Work Environments and the Impact on Contingent Workforce Productivity


Happy workers are more productive workers. There is no mystical secret to this simple fact.  It is intuitive and makes perfect sense.  Yet, it is commonplace for work environments to be anything but life affirming and healthy for full time workers or contingents.  If there is a culture that produces a negative work environment within an organization for its full time employees, there is little hope that the picture will be better for the contract worker.  However, for forward thinking organizations putting forth the effort to make their work environments affirmative, the rewards are manifold. This post will look beyond the steps these companies have taken to make full timers more productive and examine how fostering a healthy work environment improves contingent workforce productivity. 
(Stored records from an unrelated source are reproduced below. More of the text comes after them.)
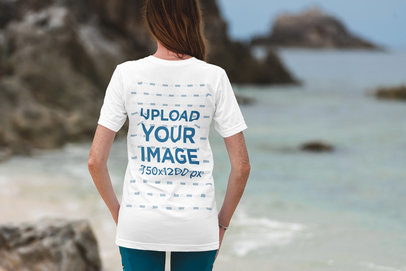 T-Shirt Mockup of a Woman Contemplating the Ocean 3330-el1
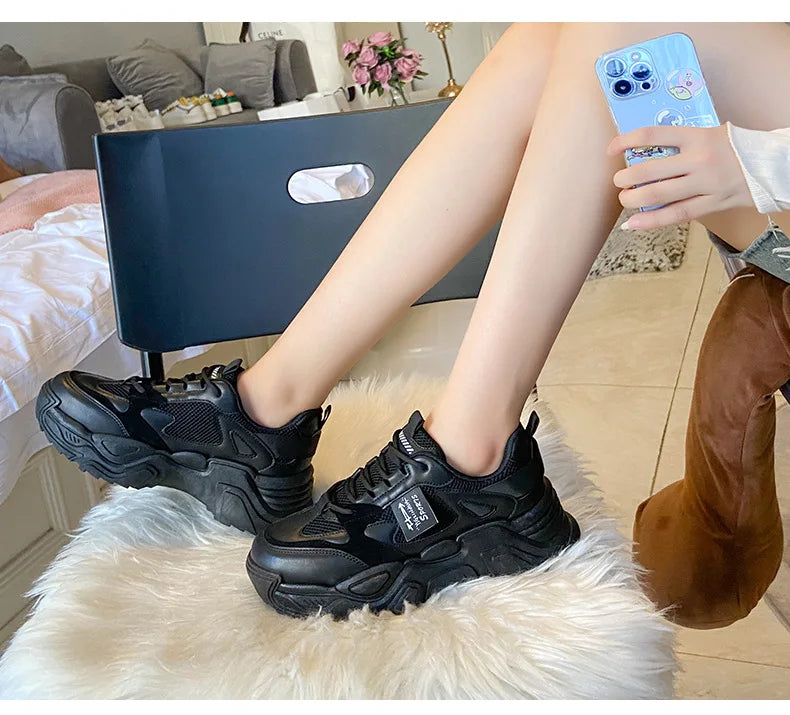 Chunky Platform Sneakers for Women Autumn New Fashion Thick Sole Vulcanized Shoes Woman Casual Non Slip Breathable Sports Shoes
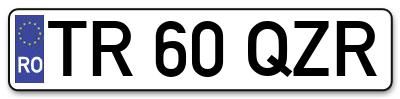 Placuta inmatriculare numar auto  TR-60-QZR, TR 60 QZR, TR60QZR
Overall, the notion of contingent work is in itself focused on work life balance.  Many contractors struck out as contingents particularly for the better work/life balance they were able to create for themselves by having more control over when they wished to work (as opposed to full timers who were locked into regular 40 hour schedules).  Yet as the ranks of the contingent workforce swell, there is definitely some risk that productivity may suffer.  Particularly if contingents are regarded as throw away commodities by employers seeking to minimize labor costs at the expense of almost any other consideration.

For those that truly wish to capture the best of both worlds – better labor utilization and cost control along with high productivity – there are strategies to employ that can deliver this two-fold objective. Here are a few of the most effective.

1)  Allowing for Telecommuting
Nothing is better for protecting work/life balance than the ability to work in environments that are comfortable and do not require the hassle and expense of a daily commute.  Companies that allow telecommuting among contractors and contingents report higher levels of productivity from that segment of their workforce.

2) Offering Flex Hours
Going hand in hand with telecommuting, allowing contingents to work hours of their own choosing provides the flexibility to the worker to take a sick child to a doctor’s appointment or to take care of banking during business hours.  Workers who are permitted this latitude are typically more contented on the job and exhibit better productivity as a result.  As long as the contractor is performing on time and with sufficient quality, (and as long as the work doesn’t require specific on the job hours such as teaching etc.) there’s much to be gained and little to be lost by allowing flex hours. For independent contractors in particular, the latitude with working hours is actually one of the indicators examined in a classification audit.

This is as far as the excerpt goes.